Exercise requirements:
Please tally the lines in the material below that contain the word "with", and give the count only.

- - -

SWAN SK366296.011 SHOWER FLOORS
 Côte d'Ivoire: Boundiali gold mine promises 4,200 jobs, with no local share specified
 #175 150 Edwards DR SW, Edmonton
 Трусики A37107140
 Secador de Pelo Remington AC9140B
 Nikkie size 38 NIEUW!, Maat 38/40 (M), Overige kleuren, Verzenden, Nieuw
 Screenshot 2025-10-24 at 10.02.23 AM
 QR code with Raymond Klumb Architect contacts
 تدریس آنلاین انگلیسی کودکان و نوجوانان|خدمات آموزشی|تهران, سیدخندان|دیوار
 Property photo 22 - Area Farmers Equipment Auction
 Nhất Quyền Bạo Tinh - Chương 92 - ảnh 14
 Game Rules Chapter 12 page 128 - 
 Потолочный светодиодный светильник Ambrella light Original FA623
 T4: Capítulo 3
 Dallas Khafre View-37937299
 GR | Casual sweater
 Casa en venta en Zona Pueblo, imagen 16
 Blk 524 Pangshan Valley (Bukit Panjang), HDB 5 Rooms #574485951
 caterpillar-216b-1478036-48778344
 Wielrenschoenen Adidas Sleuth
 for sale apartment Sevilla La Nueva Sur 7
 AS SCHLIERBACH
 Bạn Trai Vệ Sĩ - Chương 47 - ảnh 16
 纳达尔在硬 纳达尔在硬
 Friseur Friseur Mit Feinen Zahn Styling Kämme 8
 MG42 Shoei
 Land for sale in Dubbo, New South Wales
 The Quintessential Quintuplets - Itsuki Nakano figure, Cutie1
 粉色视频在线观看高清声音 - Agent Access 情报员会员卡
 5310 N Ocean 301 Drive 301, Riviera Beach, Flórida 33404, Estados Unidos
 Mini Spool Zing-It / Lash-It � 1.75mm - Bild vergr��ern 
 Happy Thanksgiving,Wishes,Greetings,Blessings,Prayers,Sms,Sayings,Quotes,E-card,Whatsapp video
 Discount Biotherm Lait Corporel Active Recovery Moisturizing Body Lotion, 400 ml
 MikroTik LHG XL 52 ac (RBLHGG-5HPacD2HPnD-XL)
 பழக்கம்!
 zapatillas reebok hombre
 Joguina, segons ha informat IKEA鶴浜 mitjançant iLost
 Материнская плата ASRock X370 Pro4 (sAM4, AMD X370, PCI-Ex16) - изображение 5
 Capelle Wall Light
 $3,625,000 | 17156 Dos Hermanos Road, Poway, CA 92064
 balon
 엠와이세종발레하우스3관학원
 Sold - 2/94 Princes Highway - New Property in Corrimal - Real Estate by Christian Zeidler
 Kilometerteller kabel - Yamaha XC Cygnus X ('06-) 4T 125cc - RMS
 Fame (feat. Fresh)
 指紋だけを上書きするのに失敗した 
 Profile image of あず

- - -

The answer:
2